Records to process —
☆ ☆ ☆ ☆
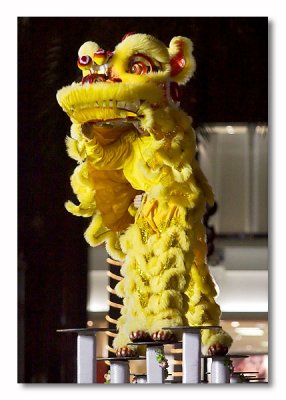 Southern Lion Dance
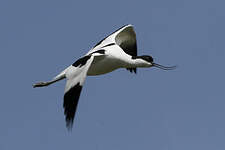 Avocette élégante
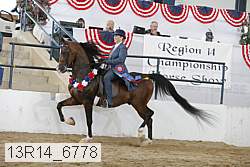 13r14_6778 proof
☆ ☆ ☆ ☆
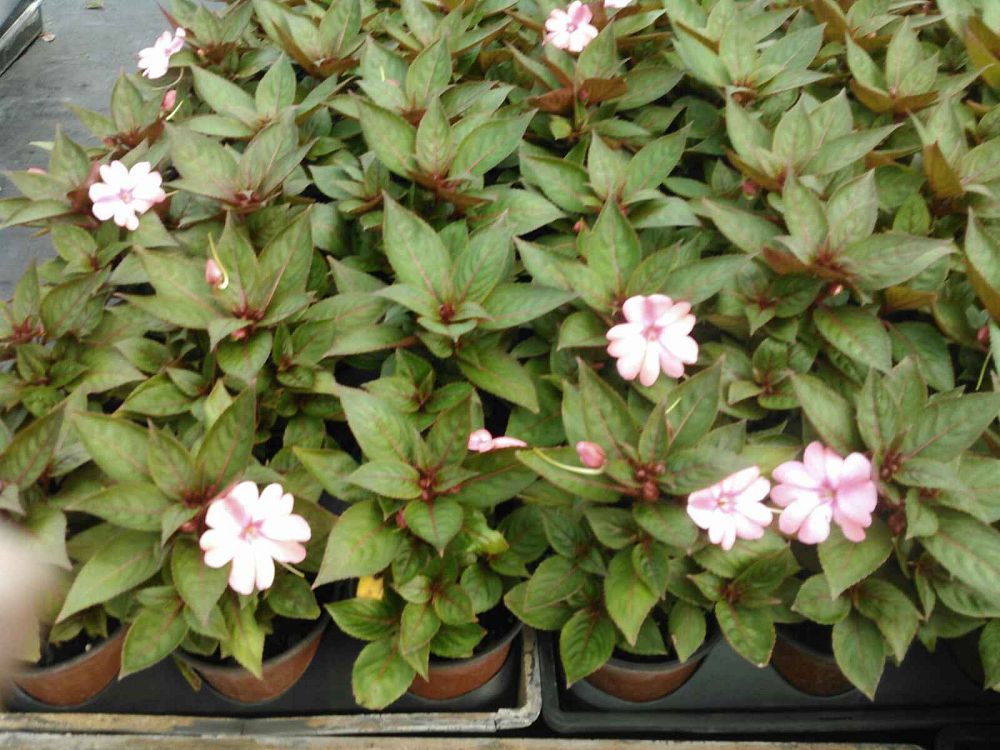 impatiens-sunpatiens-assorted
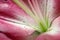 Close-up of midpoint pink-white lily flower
☆ ☆ ☆ ☆
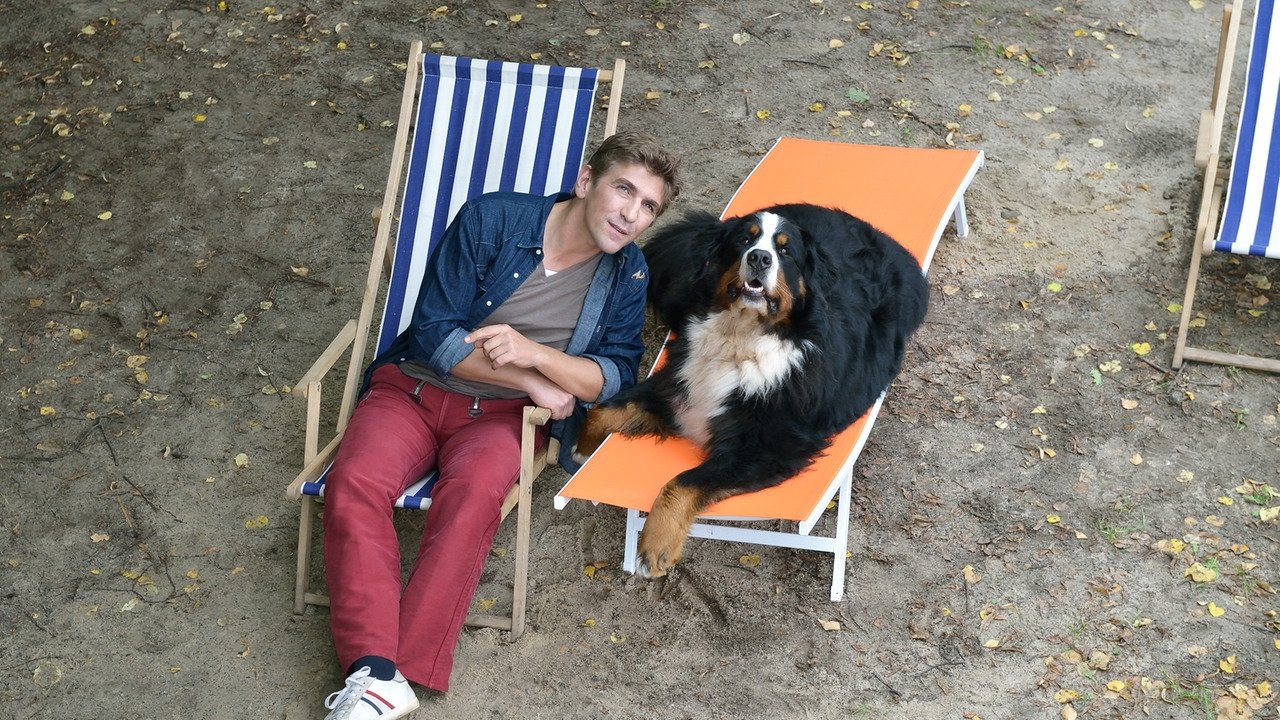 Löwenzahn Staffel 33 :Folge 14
☆ ☆ ☆ ☆
Problem details — The lines above from the line with "impatiens-sunpatiens-assorted" through the line with "Close-up of midpoint pink-white lily flower" are to be given again word for word, with no pictures among them.

Task answer —
 impatiens-sunpatiens-assorted
 Close-up of midpoint pink-white lily flower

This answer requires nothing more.